DESCRIPTION OF THE TASK> Below are records; extract exactly the lines from the one with "Dodge Ram 1500 2013 photo 4" through the final line, including both, but drop the pictures.

[Dataset entries]
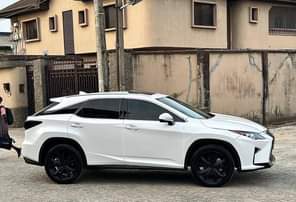 A picture of ks exus rx Premum Year 2017 ollision Assist Accident Free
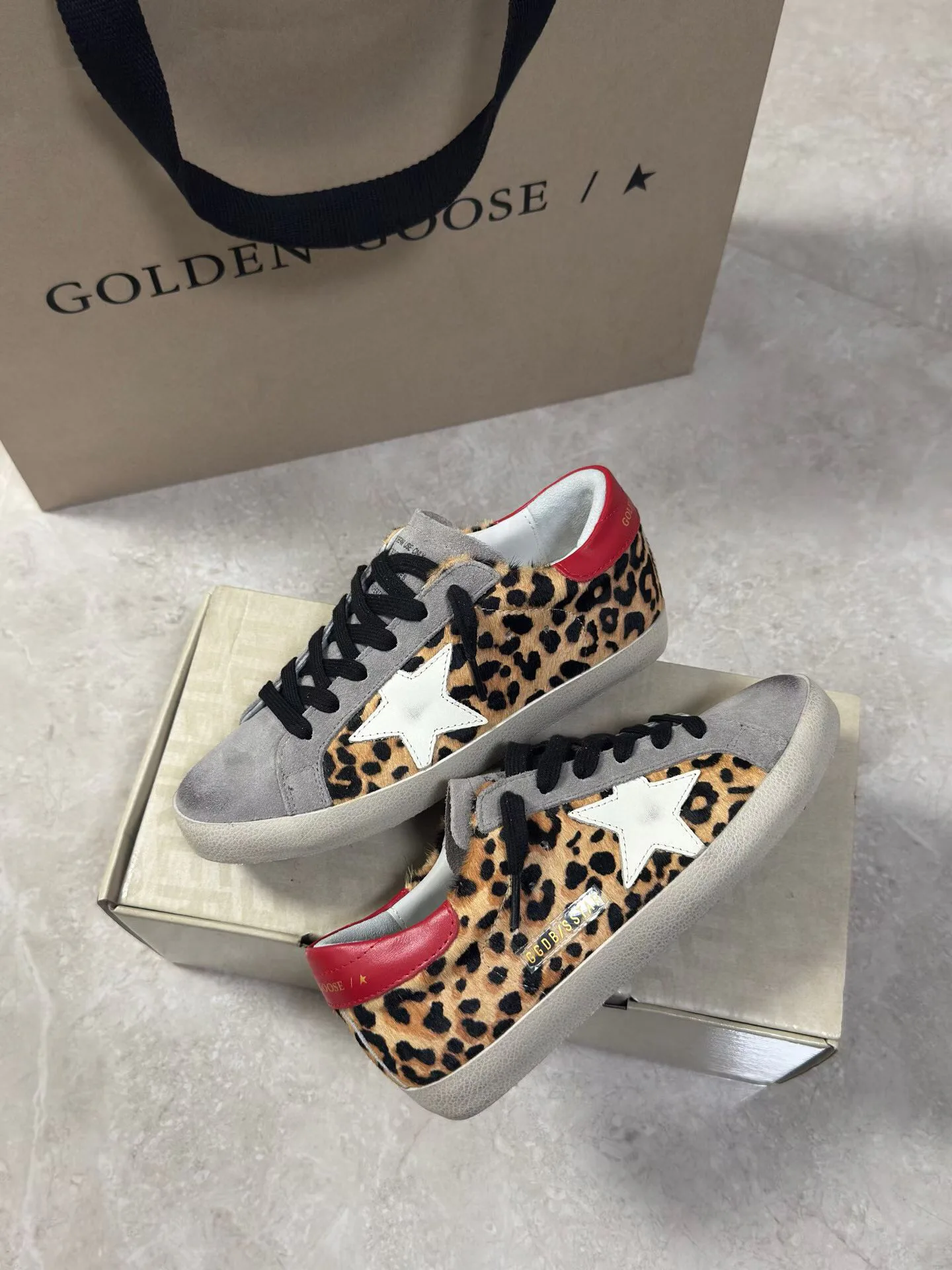 Кроссовки Женские Golden Goose 18265606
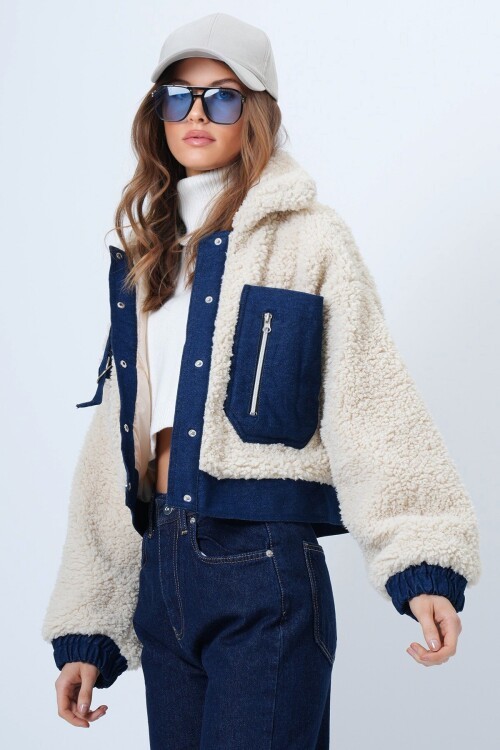 Denim Cepli Düğmeli Peluş Dokulu Kısa Bomber Ceket
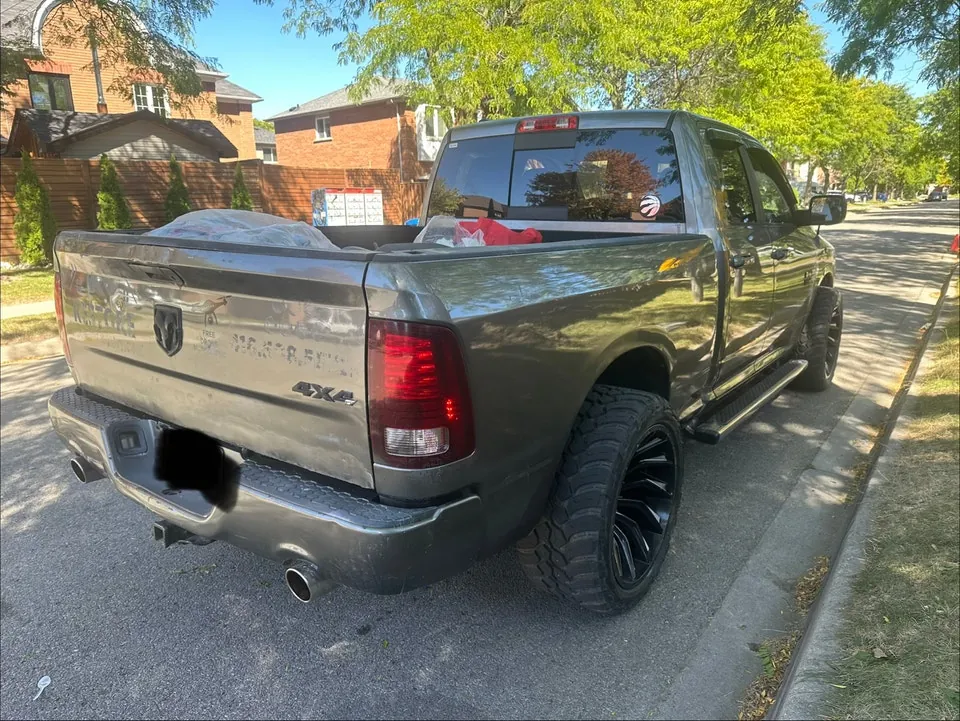 Dodge Ram 1500 2013 photo 4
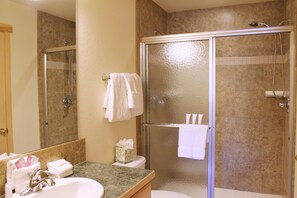 Duschwanne, Whirlpool, Haartrockner, Handtücher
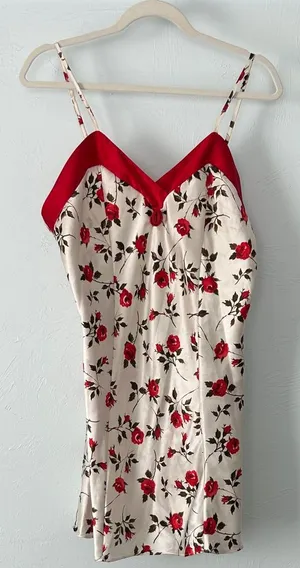 Kathy Ireland Cream and Red Rose Floral Satin Chemise thumbnail 1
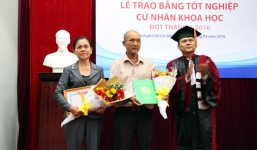 Mẹ nghẹn ngào nhận bằng tốt nghiệp thay con trai đã mất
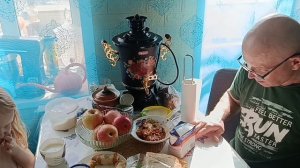 ОГОРЧИЛАСЬ/СХОДИЛА В ТЕПЛИЦУ ПОСАДИЛА ЛУК.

FINAL ANSWER>
 Dodge Ram 1500 2013 photo 4
 Duschwanne, Whirlpool, Haartrockner, Handtücher
 Kathy Ireland Cream and Red Rose Floral Satin Chemise thumbnail 1
 Mẹ nghẹn ngào nhận bằng tốt nghiệp thay con trai đã mất
 ОГОРЧИЛАСЬ/СХОДИЛА В ТЕПЛИЦУ ПОСАДИЛА ЛУК.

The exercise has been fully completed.